Work to be completed: Which lines in the records below contain the word "Cres"? Copy each one out.

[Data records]
_ _ _

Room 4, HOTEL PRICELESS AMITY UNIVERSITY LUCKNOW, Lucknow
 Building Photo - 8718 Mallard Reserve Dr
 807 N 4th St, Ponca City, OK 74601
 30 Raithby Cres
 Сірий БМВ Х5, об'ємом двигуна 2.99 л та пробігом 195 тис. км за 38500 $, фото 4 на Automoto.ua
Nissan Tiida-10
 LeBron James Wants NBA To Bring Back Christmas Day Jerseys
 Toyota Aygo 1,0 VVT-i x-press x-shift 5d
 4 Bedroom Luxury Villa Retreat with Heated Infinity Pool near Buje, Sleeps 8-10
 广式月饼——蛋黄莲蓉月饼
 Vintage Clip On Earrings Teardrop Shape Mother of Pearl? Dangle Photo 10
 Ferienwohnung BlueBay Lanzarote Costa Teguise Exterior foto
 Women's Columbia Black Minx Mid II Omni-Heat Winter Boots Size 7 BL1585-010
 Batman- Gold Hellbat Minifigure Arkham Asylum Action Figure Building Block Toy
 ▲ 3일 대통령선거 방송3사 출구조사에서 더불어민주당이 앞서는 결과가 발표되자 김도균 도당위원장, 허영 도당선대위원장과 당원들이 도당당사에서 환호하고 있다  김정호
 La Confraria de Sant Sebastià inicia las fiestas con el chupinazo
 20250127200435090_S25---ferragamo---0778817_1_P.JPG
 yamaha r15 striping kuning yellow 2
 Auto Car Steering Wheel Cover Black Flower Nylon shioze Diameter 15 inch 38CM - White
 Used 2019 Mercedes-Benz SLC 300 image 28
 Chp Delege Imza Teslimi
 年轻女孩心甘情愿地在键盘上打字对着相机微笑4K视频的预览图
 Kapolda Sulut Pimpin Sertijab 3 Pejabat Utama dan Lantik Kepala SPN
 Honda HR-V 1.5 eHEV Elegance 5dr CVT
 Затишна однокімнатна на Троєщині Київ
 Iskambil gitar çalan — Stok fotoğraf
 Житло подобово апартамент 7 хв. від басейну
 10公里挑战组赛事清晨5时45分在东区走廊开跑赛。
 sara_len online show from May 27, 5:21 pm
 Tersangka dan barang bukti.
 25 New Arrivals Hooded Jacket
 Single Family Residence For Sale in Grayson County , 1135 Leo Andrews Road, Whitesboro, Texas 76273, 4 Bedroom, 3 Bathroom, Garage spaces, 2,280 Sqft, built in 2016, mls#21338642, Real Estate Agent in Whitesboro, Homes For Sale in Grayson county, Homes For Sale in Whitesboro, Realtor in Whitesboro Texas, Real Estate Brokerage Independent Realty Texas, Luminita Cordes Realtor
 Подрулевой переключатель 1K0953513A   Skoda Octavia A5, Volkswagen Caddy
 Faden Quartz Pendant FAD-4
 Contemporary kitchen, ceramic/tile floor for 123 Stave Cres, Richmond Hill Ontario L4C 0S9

_ _ _

Answer to this problem:
 30 Raithby Cres
 Contemporary kitchen, ceramic/tile floor for 123 Stave Cres, Richmond Hill Ontario L4C 0S9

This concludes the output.